Deputy Smith seems to forget what he himself said. He brought a Bill, virtually identical with this Bill, before Dáil Éireann to suspended the Flax Act. At column 236 of the Official Reports of the Parliamentary Debates of the 23rd January, 1947, Deputy Smith said:—
"This suspensory Bill merely gives scope and freedom to do something in the flax growers' interest which would not be so easy to do if the 1936 Act were to continue to operate."
Can it be that Deputy Smith wishes his successor in office to be restricted with the shackles of the 1936 Act when he himself three years ago declared that in order to free himself to serve the best interests of the flax growers he was coming to the House to relieve himself of the statutory obligations put upon him by that Act?
We are all familiar with the difficulty of finding adequate parliamentary time to provide the Opposition with the fullest scope for their legitimate duty of criticism and inquiry. The sole object I had in mind in suspending the Flax Act of 1936 until such time as it was thought expedient to revive it was to avoid the necessity of having a First Stage, a Second Stage, a Committee Stage, a Report Stage and a Fifth Stage of a Flax Act in Dáil Éireann every year and the same procedure in Seanad Éireann. If I, as Minister for Agriculture, want the powers of the Flax Act, I will revive the Act. If I do not want them, and if Deputy Smith thinks I ought to have them, there is no conceivable restriction on his right to put down a motion to the effect that Dáil Éireann is of opinion that the Government ought to revive the Flax Act. But surely I must suspect that Deputy Smith is not wholly disinterested in this amendment when there can be no conceivable grounds advanced which could appeal to the reason of any rational man for imposing on Oireachtas Éireann the necessity of passing a Bill through five stages in the Dáil and in the Seanad each year when exactly the same purpose could be served by submitting a resolution?
It has been suggested—and possibly some Deputies, like Deputy Maguire, were under some misapprehension about this matter—that the flax legislation was designed to protect a thriving agricultural occupation of a number of hardworking farmers in certain restricted areas in the country. I think I have explained to Deputy Maguire that that was quite a mistake, that there was no such situation obtaining. I think it was Deputy Smith who went on to say that the Flax Board had been functioning for years in the Department, and he asked what had become of it. The Flax Board was set up in 1943, I think, to distribute money which was provided by the British Government to enable scutch mills to be equipped so that the British Government could get the flax which they wanted for aeroplanes.
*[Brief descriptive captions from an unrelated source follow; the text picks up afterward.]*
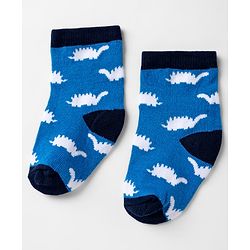 Cute walk by Babyhug Knit Anti-Bacterial Ankle Length Striped Socks with Dinosaur Design Pack of 3 - Blue & Black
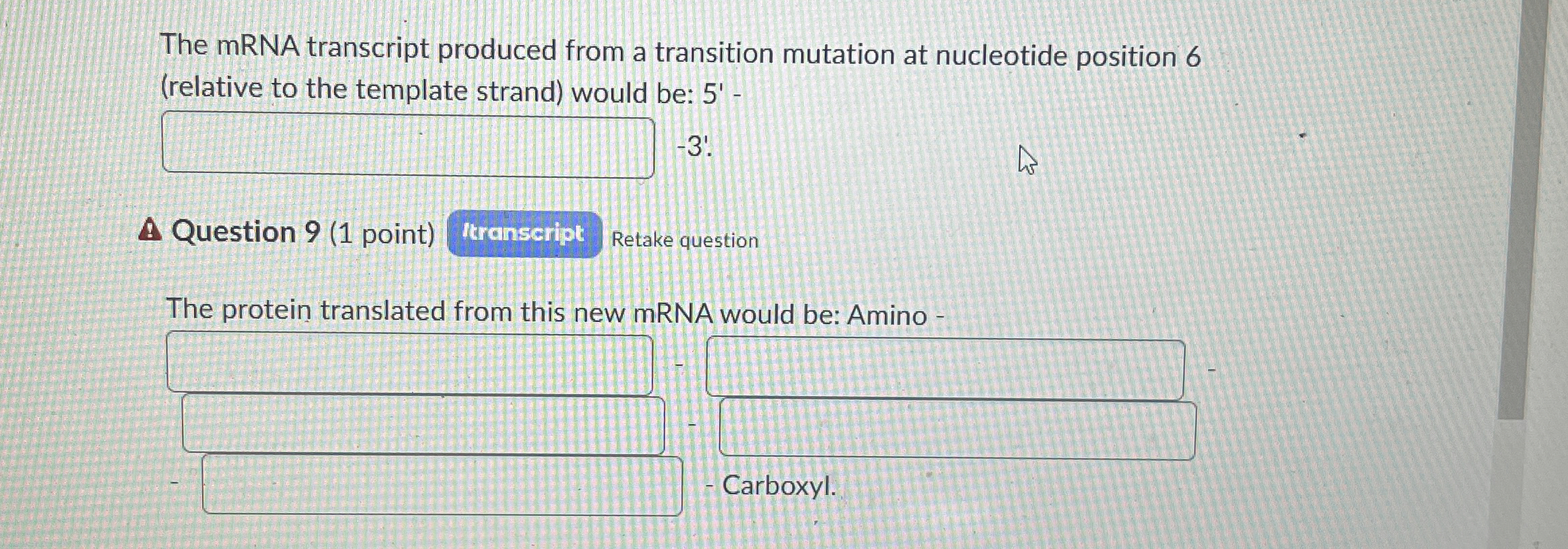 Solved The mRNA transcript produced from a transition | Chegg.com
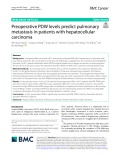 Preoperative PDW levels predict pulmonary metastasis in patients with hepatocellular carcinoma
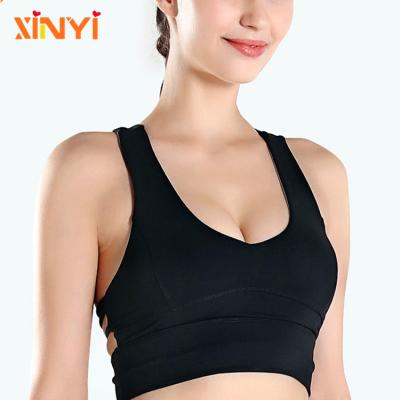 China High Quality Antibacterial Sports Bra Fitness Gym Sports Bra Mesh Sports Bra Black Yoga for sale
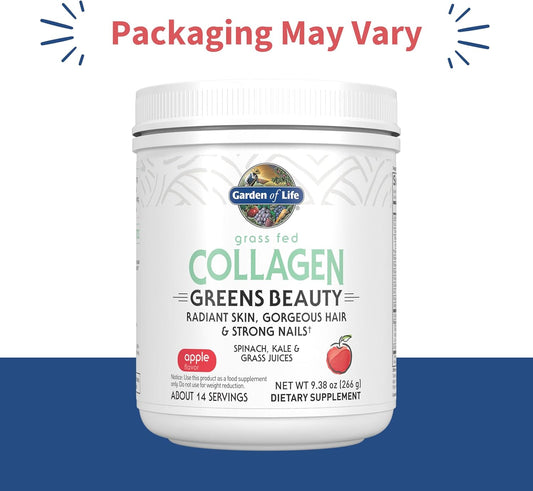 Garden Of Life Grass Fed Collagen Greens Beauty Powder - Apple, 14 Servings, Collagen Powder For Women Skin Hair Nails Joints, Collagen Peptides Powder, Collagen Protein + Greens, Collagen Supplement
It had never existed before. Its sole purpose was to distribute money which the British Government paid to the Irish Government for the purpose, with a view to maximising the production of flax and linen required for the aeroplane industry.
I think it was Deputy Smith desired that this matter should be further postponed to this stage so that he might elicit further information about certain matters. He could get this information as readily by putting down a parliamentary question if it is too much trouble to put down a motion. There is no means available to me if I wanted—which I do not—to withhold information from any Deputy of the House and there is no means available to me, if ordinary parliamentary procedure is to be observed, which I sincerely hope it will, whereby I could resist a debate on flax whenever the Front Bench of the Opposition expressed their desire to have it.